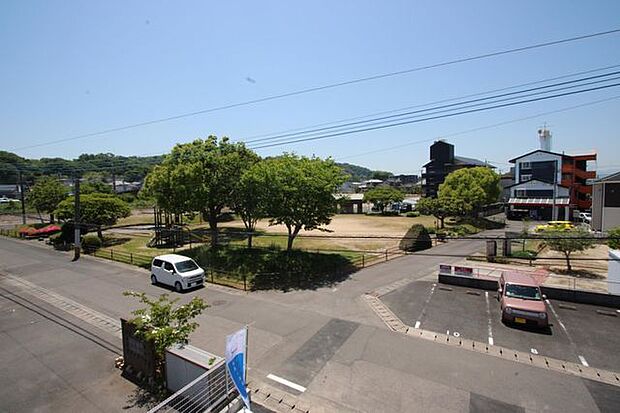 公園が道を挟んで前にあるので、子育て環境に良い物件です♪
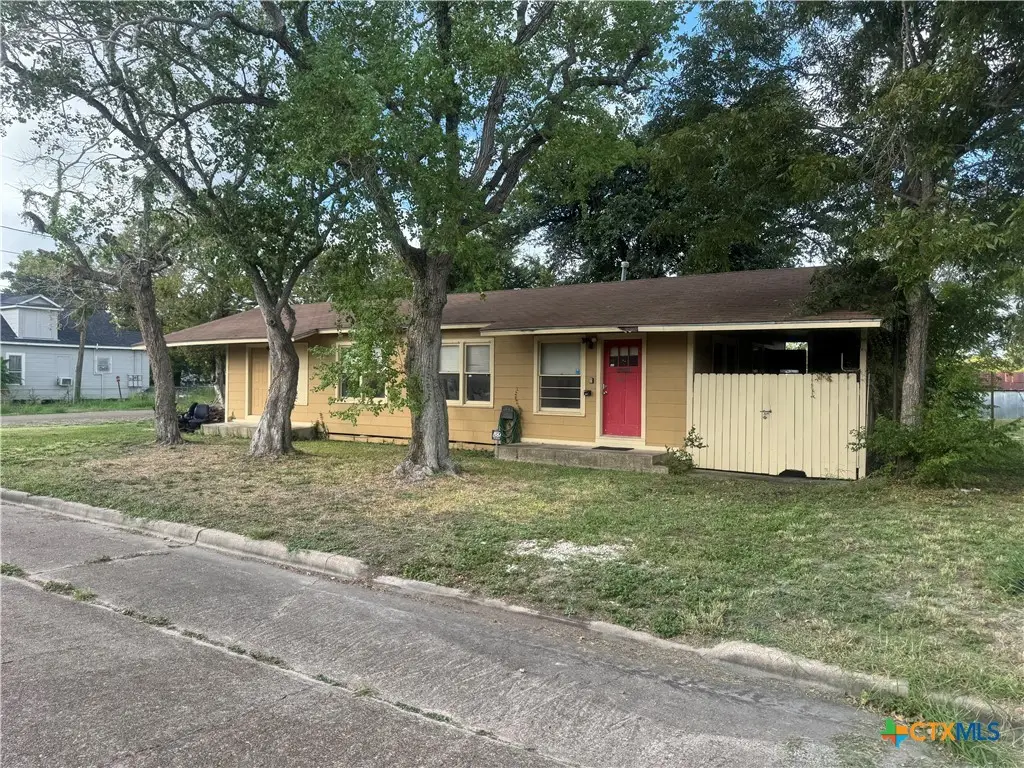 901 N Cameron Street, Victoria, TX 77901 - #1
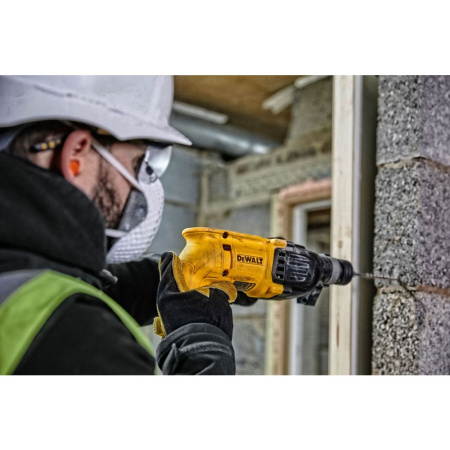 Перфоратор DeWalt D25033K-QS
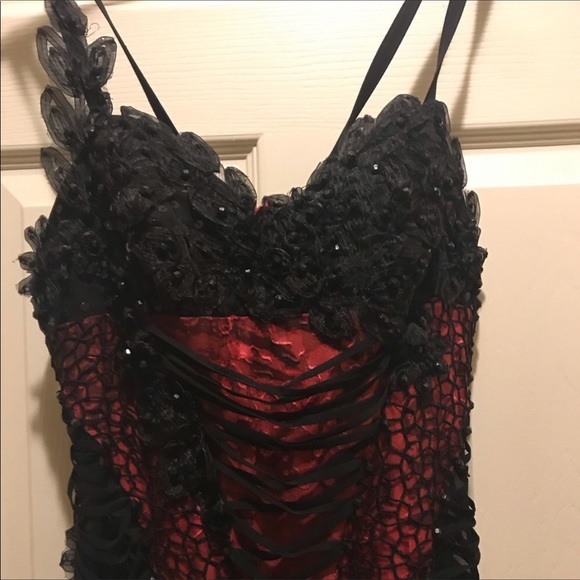 4 Dresses - Picture 4 of 12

## Exercise description
Omit the pictures and repeat the rest of the listing verbatim.

## Reply
 公園が道を挟んで前にあるので、子育て環境に良い物件です♪
 901 N Cameron Street, Victoria, TX 77901 - #1
 Перфоратор DeWalt D25033K-QS
 4 Dresses - Picture 4 of 12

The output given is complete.